Could you return the lines below exactly, from the first line up to and including the line that holds "Jacket - Picture 3 of 5"?

◆ Short descriptive text snippets:
==================================================

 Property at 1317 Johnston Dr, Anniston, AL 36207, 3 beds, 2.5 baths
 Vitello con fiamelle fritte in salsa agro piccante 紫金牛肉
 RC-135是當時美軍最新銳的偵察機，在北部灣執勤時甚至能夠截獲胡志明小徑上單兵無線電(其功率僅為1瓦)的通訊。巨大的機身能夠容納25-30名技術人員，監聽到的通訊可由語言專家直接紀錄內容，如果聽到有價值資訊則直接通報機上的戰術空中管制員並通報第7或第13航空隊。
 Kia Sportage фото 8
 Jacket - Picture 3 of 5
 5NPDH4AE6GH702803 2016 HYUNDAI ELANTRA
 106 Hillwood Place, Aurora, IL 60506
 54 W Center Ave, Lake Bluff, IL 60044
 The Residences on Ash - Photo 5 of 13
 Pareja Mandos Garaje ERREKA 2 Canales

==================================================

◆ Result of the task:
 Property at 1317 Johnston Dr, Anniston, AL 36207, 3 beds, 2.5 baths
 Vitello con fiamelle fritte in salsa agro piccante 紫金牛肉
 RC-135是當時美軍最新銳的偵察機，在北部灣執勤時甚至能夠截獲胡志明小徑上單兵無線電(其功率僅為1瓦)的通訊。巨大的機身能夠容納25-30名技術人員，監聽到的通訊可由語言專家直接紀錄內容，如果聽到有價值資訊則直接通報機上的戰術空中管制員並通報第7或第13航空隊。
 Kia Sportage фото 8
 Jacket - Picture 3 of 5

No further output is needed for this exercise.